Data to use »
###
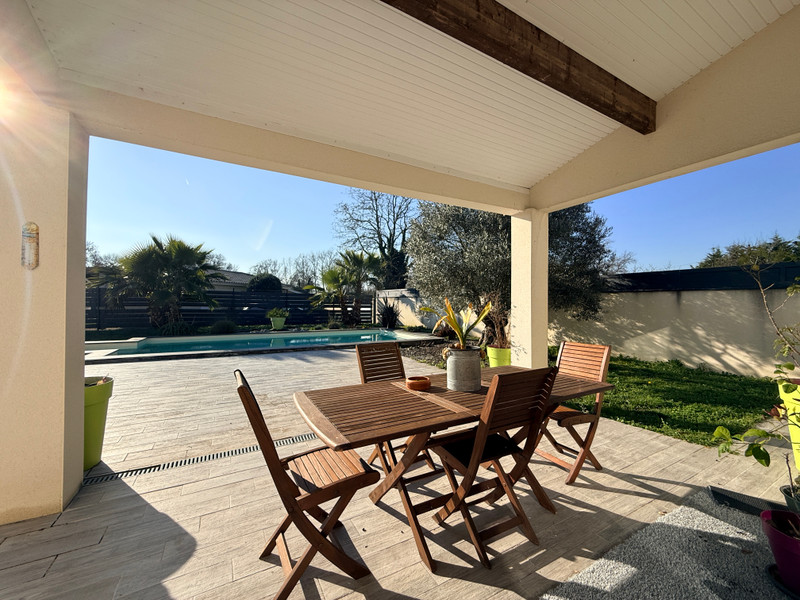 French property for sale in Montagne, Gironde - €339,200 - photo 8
###
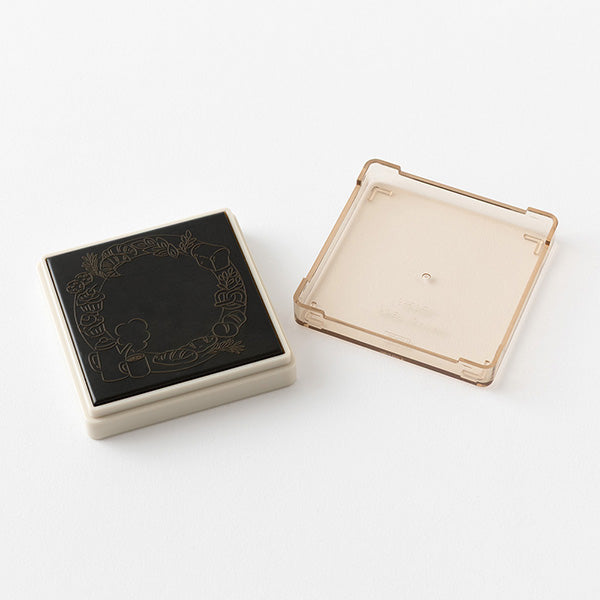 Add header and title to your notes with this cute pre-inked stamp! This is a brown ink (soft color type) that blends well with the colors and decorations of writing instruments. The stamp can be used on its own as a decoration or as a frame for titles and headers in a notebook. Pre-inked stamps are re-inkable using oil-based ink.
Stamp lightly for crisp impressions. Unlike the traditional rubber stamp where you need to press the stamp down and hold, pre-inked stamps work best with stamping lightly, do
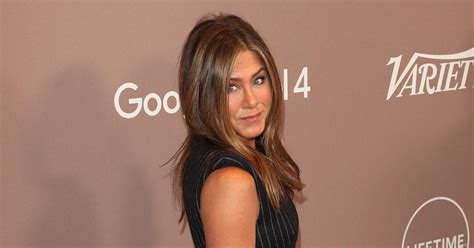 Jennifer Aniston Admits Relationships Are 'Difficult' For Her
###
Task to complete »
Among the records above, locate the line containing "Stamp lightly for" and the line containing "Are 'Difficult' For Her", then transcribe exactly the lines starting at the first and ending at the second, with no pictures.

Reply to the task »
Stamp lightly for crisp impressions. Unlike the traditional rubber stamp where you need to press the stamp down and hold, pre-inked stamps work best with stamping lightly, do
 Jennifer Aniston Admits Relationships Are 'Difficult' For Her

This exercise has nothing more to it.